Here's a list of suspicious uses of the indexing operator:
plot.R
174: v <- V(graph)[mark.groups[[g]]]
indexing.R
312: lapply(adjacent_vertices(x, i, mode = mode), intersection, V(x)[j])
topology.R
77: lapply(res, function(.x) V(graph2)[.x + 1])
134: lapply(res, function(.x) V(graph1)[.x + 1])
187: if (all.maps) res$maps <- lapply(res$maps, function(x) V(target)[x+1])
Notice that the first two uses are fixed (using .x) but the one on line 187 is not.
structural.properties.R
1678: if (order) res$order <- V(graph)[res$order, na_ok = TRUE]
1679: if (order.out) res$order.out <- V(graph)[res$order.out, na_ok = TRUE]
This was grepped with the Silver Searcher as ag '^(?!#\').*(V|E)\\(.+\\)\\[', and irrelevant matches removed manually.
I have fixed the above, except the ones in structural.properties.R. There I feel that a cleaner solution would be to introduce an extra argument next to na_ok, something like resolve_attrs = FALSE, and then this would prevent the addition of the attributes into the namespace where the [ operator is evaluated. Would you be okay with this name?
Commit 4ccd00f7 adds a resolve_attrs=... option to vertex / edge indexing so you can turn attribute lookup off in problematic cases.
@ntamas @szhorvat how about a solution in the spirit of rlang::.data? The problem seems similar -- looking-up symbols in the environment of vertex attributes first, then in the global environment, isn't it?
I'm not familiar with rlang::.data -- can you point me in the right direction in the docs to see how it is supposed to work?

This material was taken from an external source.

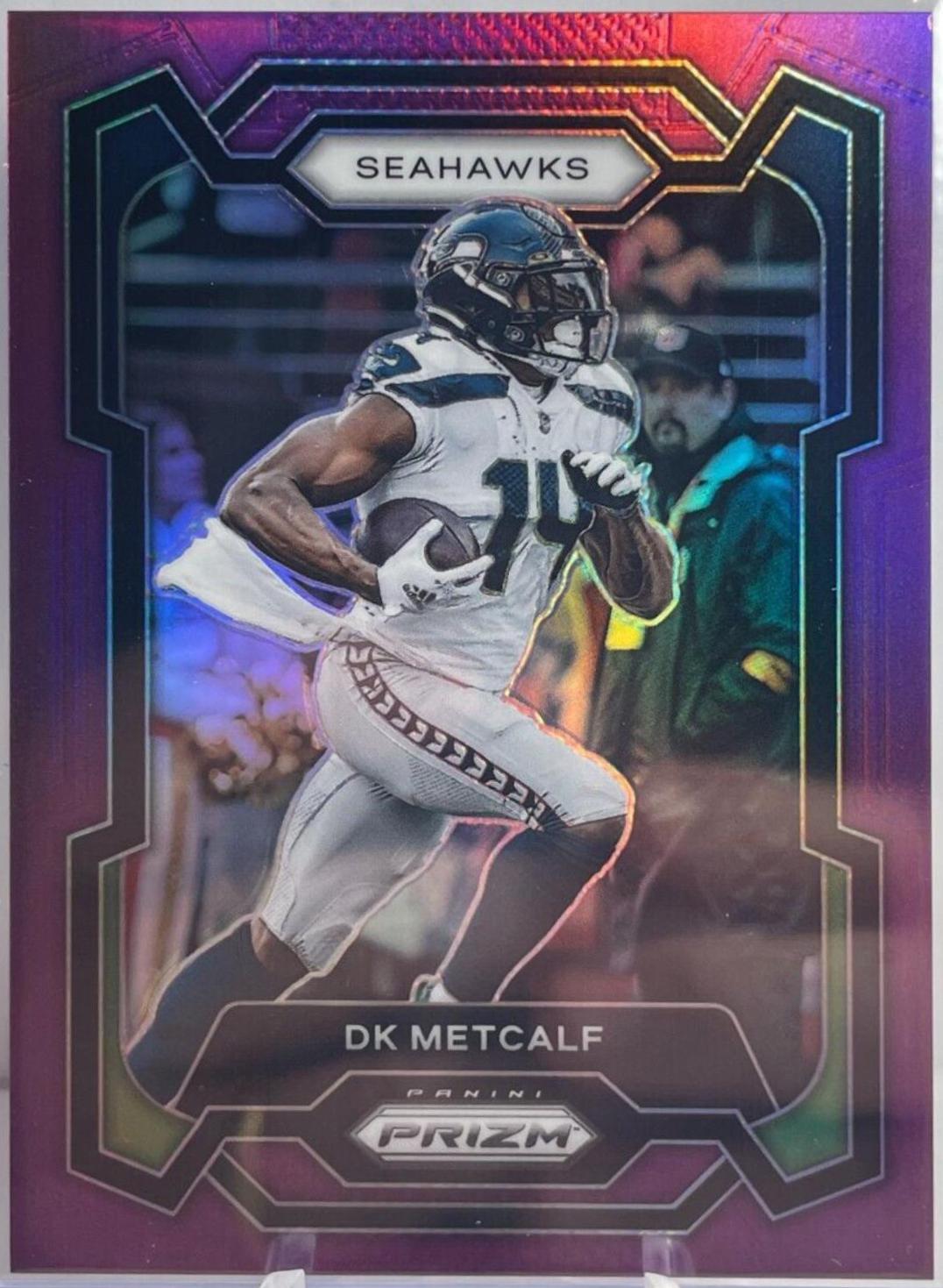 DK Metcalf [Purple] #257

Sure. The docs are at https://rdrr.io/cran/rlang/man/dot-data.html It's role (together with .env) is to disambiguate symbols in tidyversian verbs in which arguments can be expressions referring to columns in a data frame being processed but also objects in the global environment. Technically they are evaluated in a temporary environment of the data frame whose parent is, I believe, the calling environment. Wasn't the intention with [.igraph.vs (and friends) similar: allow for expressions in [ ] that refer directly to vertex/edge attributes of the processed graph without the need to use V() or E()? For example:
library(igraph)
data(UKfaculty, package = "igraphdata")
# Simply
s1 <- subgraph(UKfaculty, V(UKfaculty)[Group == 3])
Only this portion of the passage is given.